AI agent frameworks all ship their own memory abstraction, and none of them talk to each
other. LangChain has BaseMemory. Semantic Kernel has plugins. AutoGen has
a conversation buffer. Each one is tied to its framework's idioms, and none expose the
lifecycle hooks an external memory backend actually needs to do its job.
After studying Hermes
— Nous Research's production self-improving agent — we found what we believe is the
most complete open-source memory abstraction in any agent framework today:
the MemoryProvider ABC in agent/memory_provider.py. It
covers initialization, turn-by-turn sync, semantic prefetch, context compression,
delegation observability, and clean shutdown. It deserves to be a community standard.
This post has three parts:
LangChain's BaseMemory exposes two methods:
load_memory_variables(inputs) and
save_context(inputs, outputs). That covers recall and persistence. It doesn't
cover: what tools the backend exposes to the model, what happens before context is
compressed, how session boundaries are signaled, or how a parent agent observes subagent
completions. You end up wiring those yourself, per framework, per project.
Semantic Kernel plugins are richer but not memory-specific — they model everything as a generic skill with no lifecycle awareness. AutoGen's conversation buffers are in-process only; swapping them out requires forking the agent.
Hermes gets it right. Here is the full protocol, annotated:
from abc import ABC, abstractmethod
from typing import List, Dict, Any
class MemoryProvider(ABC):
"""Abstract base class for pluggable agent memory backends."""
# ── Identity ──────────────────────────────────────────────────────
@property
@abstractmethod
def name(self) -> str:
"""Short identifier, e.g. 'mentisdb', 'honcho', 'mem0'."""
# ── Lifecycle (must implement) ─────────────────────────────────────
@abstractmethod
def is_available(self) -> bool:
"""Return True if the backend is reachable and configured.
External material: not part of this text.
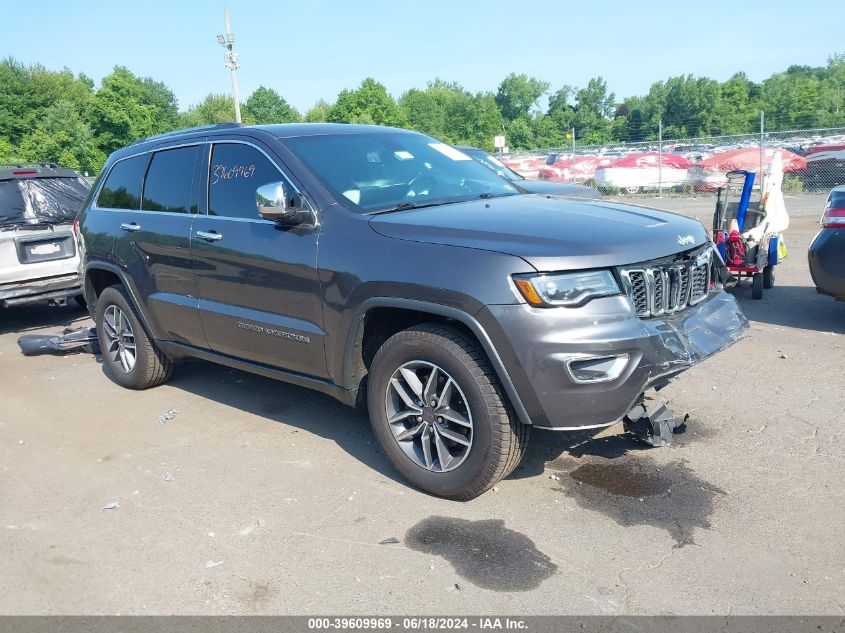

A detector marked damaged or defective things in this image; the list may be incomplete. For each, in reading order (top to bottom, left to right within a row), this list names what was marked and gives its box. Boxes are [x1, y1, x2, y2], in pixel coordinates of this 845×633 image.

damaged front bumper [0, 272, 82, 308]
damaged front bumper [478, 290, 748, 430]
Called once at startup — no network calls that could stall init."""
@abstractmethod
def initialize(self, session_id: str, **kwargs) -> None:
"""Called once per session. Receives:
session_id — stable session identifier
platform — 'cli', 'telegram', 'discord', 'gateway', …
user_id — for multi-tenant scoping
agent_identity — per-profile/persona scoping
hermes_home — path to ~/.hermes
session_title — human-readable label
"""
@abstractmethod
def get_tool_schemas(self) -> List[Dict[str, Any]]:
"""OpenAI-format tool schemas exposed directly to the model.
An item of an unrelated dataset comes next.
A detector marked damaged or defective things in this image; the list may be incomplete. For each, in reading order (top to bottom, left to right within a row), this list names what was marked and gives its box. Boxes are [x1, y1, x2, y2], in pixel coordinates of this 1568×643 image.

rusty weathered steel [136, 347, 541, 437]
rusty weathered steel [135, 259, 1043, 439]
The agent registers these alongside its built-in tools so the
model can call them explicitly (e.g. mentisdb_recall, mentisdb_store)."""
# ── Per-turn operations (optional, no-op defaults) ─────────────────
def system_prompt_block(self) -> str:
"""Static guidance injected into the system prompt at session start.
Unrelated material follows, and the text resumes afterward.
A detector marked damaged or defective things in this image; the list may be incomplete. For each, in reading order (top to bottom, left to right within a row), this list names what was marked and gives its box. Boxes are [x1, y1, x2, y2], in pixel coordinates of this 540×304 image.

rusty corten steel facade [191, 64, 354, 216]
Use sparingly — every token here is spent on every API call."""
return ""
def prefetch(self, query: str, *, session_id: str = "") -> str:
"""Return relevant context for the upcoming turn.
Called once at turn start; result is fenced and appended to the
user message at API-call time (not persisted to message history).
Should be fast — it blocks the turn. Use queue_prefetch for async."""
return ""
def queue_prefetch(self, query: str, *, session_id: str = "") -> None:
"""Schedule a background prefetch for the NEXT turn.
Called at end-of-turn so results are ready before the next one starts.
Implement as a daemon thread; result cached in self._prefetch_result."""
def sync_turn(self, user_content: str, assistant_content: str,
*, session_id: str = "", **kwargs) -> None:
"""Persist the completed turn to the backend.
Called after every successful turn. Both user and assistant sides
are available — store whichever is useful for your retrieval model."""
def handle_tool_call(self, tool_name: str, args: Dict, **kwargs) -> str:
"""Dispatch a model-initiated tool call (from get_tool_schemas).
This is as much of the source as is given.